About this task>
Below are some records. Retype exactly the lines from the one containing "HUNTER（ハンター）の「トラベル リップストップ リサイクル" through the one containing "Decoratief 2 stuks", both included, skipping every picture.

Input records>
========

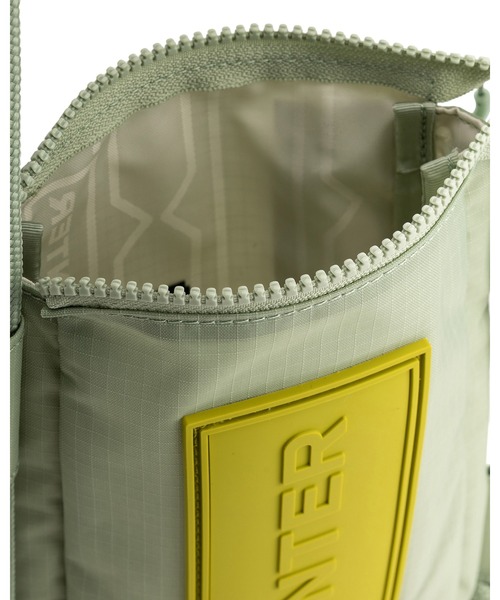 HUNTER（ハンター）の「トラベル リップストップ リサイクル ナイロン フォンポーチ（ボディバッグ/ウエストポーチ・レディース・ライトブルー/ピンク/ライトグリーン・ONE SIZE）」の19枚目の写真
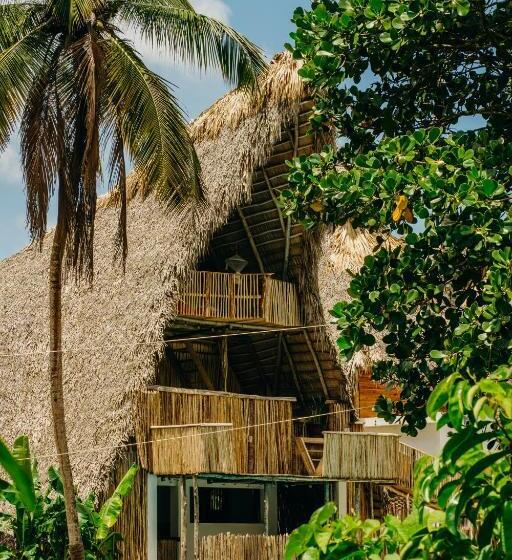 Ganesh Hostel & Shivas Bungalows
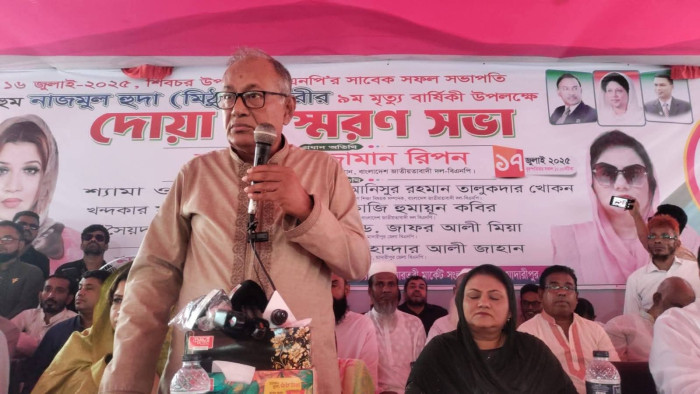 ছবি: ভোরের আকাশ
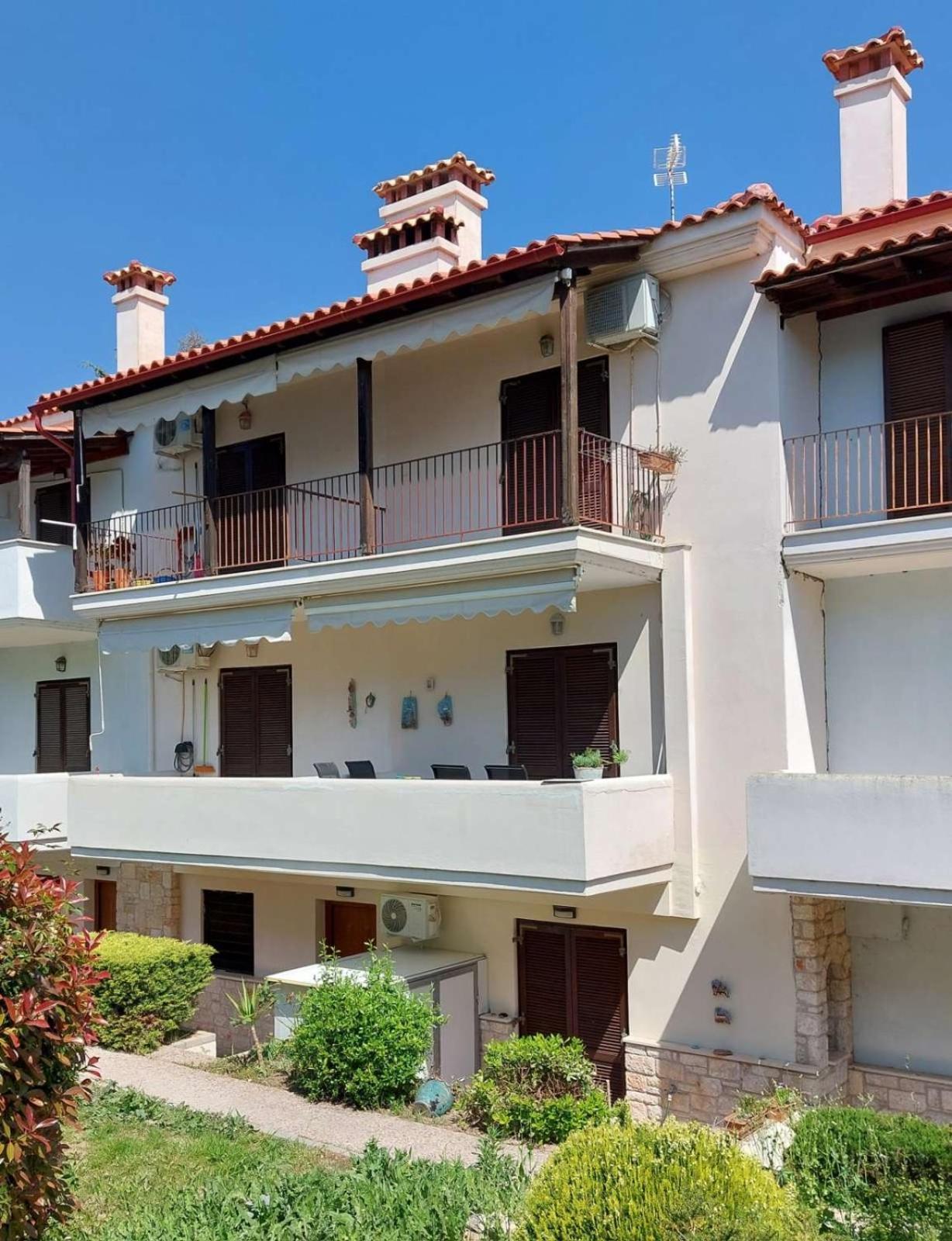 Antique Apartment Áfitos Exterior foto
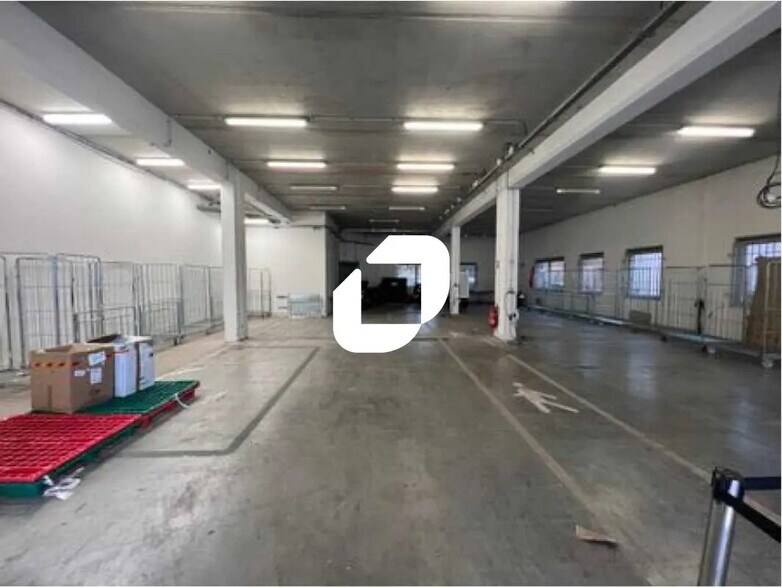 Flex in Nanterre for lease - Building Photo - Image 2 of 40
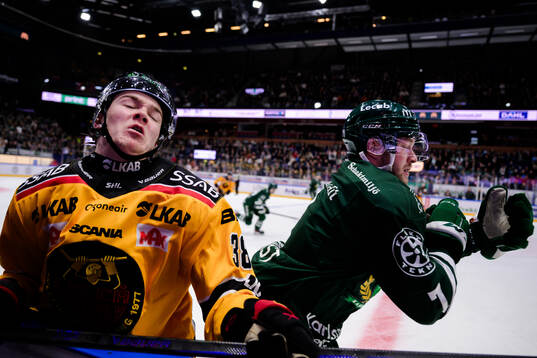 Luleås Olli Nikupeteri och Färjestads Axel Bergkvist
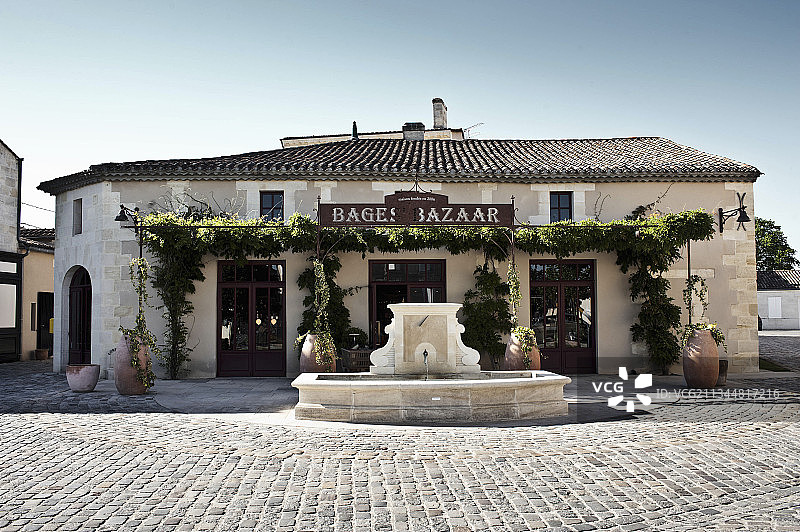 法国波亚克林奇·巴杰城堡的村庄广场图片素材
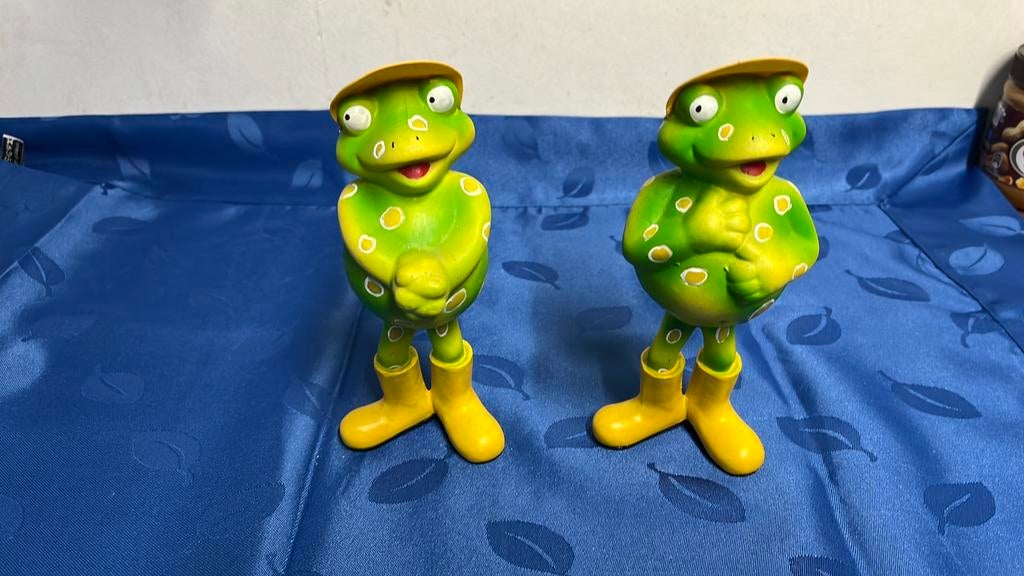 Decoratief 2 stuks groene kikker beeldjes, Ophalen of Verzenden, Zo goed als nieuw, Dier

========

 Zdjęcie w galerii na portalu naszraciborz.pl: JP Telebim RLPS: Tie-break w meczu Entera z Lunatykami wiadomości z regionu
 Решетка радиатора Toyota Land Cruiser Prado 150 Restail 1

========

Response area>
 HUNTER（ハンター）の「トラベル リップストップ リサイクル ナイロン フォンポーチ（ボディバッグ/ウエストポーチ・レディース・ライトブルー/ピンク/ライトグリーン・ONE SIZE）」の19枚目の写真
 Ganesh Hostel & Shivas Bungalows
 ছবি: ভোরের আকাশ
 Antique Apartment Áfitos Exterior foto
 Flex in Nanterre for lease - Building Photo - Image 2 of 40
 Luleås Olli Nikupeteri och Färjestads Axel Bergkvist
 法国波亚克林奇·巴杰城堡的村庄广场图片素材
 Decoratief 2 stuks groene kikker beeldjes, Ophalen of Verzenden, Zo goed als nieuw, Dier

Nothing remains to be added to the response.